■ **Data for analysis**
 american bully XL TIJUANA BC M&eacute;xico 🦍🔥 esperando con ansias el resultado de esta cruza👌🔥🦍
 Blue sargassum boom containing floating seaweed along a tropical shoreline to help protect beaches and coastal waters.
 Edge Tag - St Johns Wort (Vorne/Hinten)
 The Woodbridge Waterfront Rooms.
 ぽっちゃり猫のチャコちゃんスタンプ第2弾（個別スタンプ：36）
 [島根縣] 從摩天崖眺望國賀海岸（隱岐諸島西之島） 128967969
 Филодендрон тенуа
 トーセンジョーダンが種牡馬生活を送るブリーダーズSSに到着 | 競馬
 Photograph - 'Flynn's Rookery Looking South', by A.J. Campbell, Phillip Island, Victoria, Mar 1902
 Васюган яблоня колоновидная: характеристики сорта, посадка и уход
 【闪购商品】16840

* * *

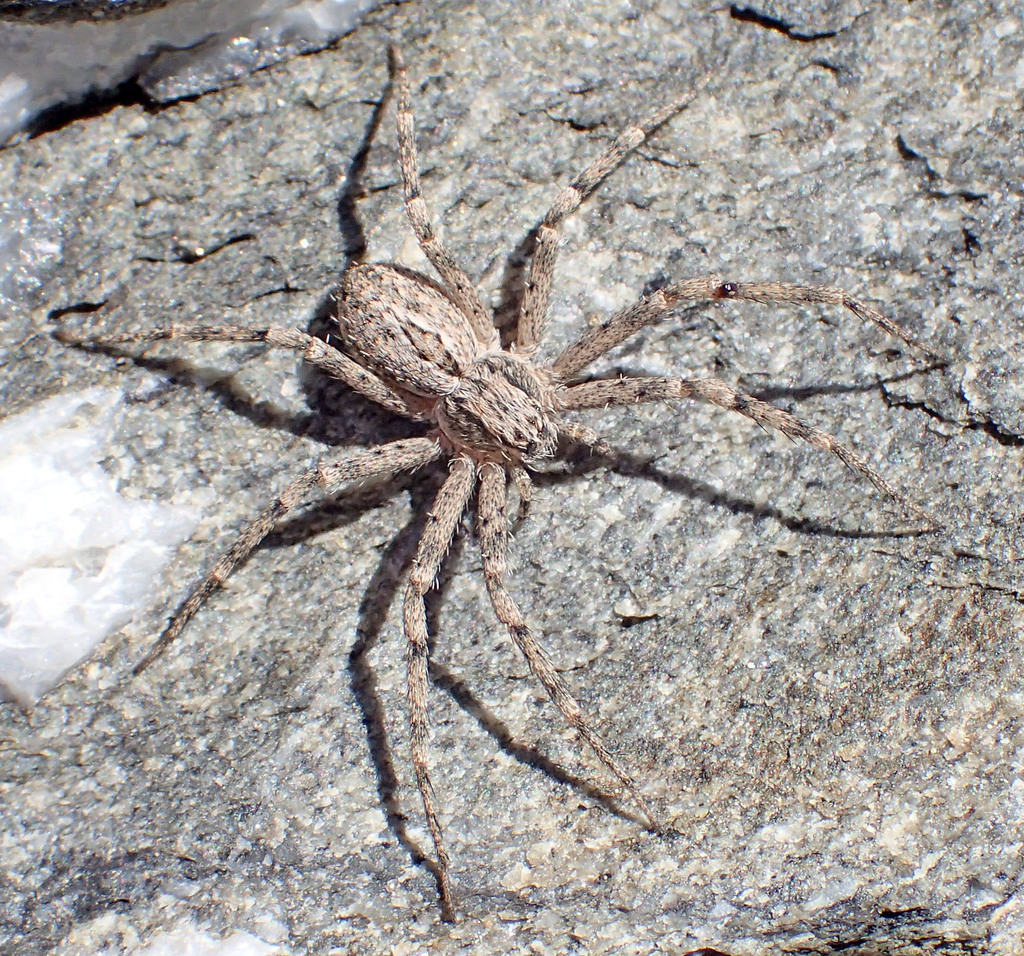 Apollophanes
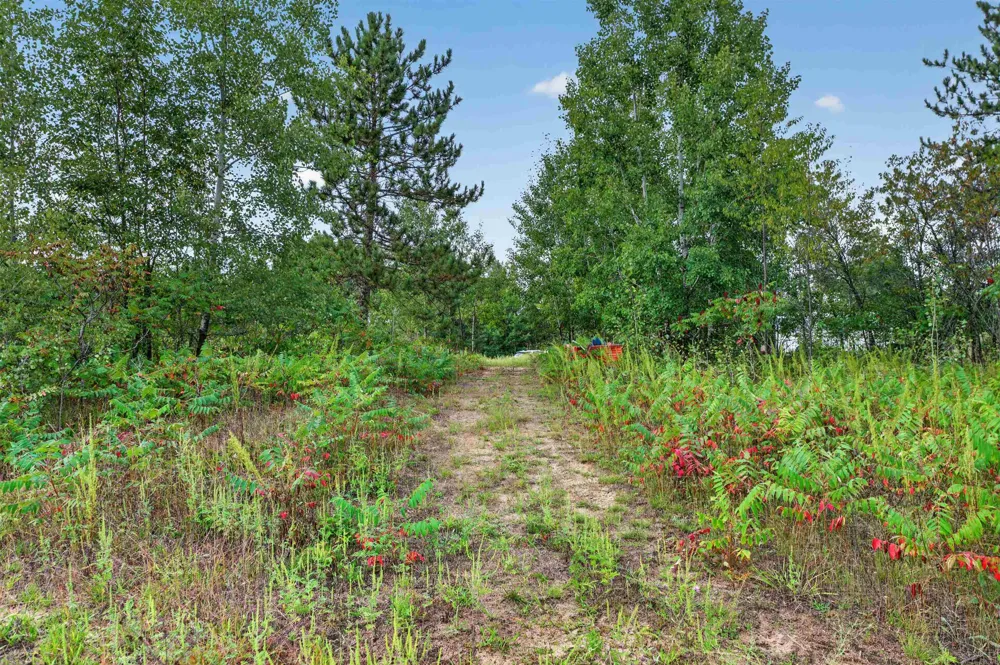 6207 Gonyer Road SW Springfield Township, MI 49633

■ **Task instructions**
Begin at the line above that has "[島根縣] 從摩天崖眺望國賀海岸（隱岐諸島西之島） 128967969" and stop after the line that has "Васюган яблоня колоновидная: характеристики", copying each line exactly and adding nothing else.

■ **Answer box**
 [島根縣] 從摩天崖眺望國賀海岸（隱岐諸島西之島） 128967969
 Филодендрон тенуа
 トーセンジョーダンが種牡馬生活を送るブリーダーズSSに到着 | 競馬
 Photograph - 'Flynn's Rookery Looking South', by A.J. Campbell, Phillip Island, Victoria, Mar 1902
 Васюган яблоня колоновидная: характеристики сорта, посадка и уход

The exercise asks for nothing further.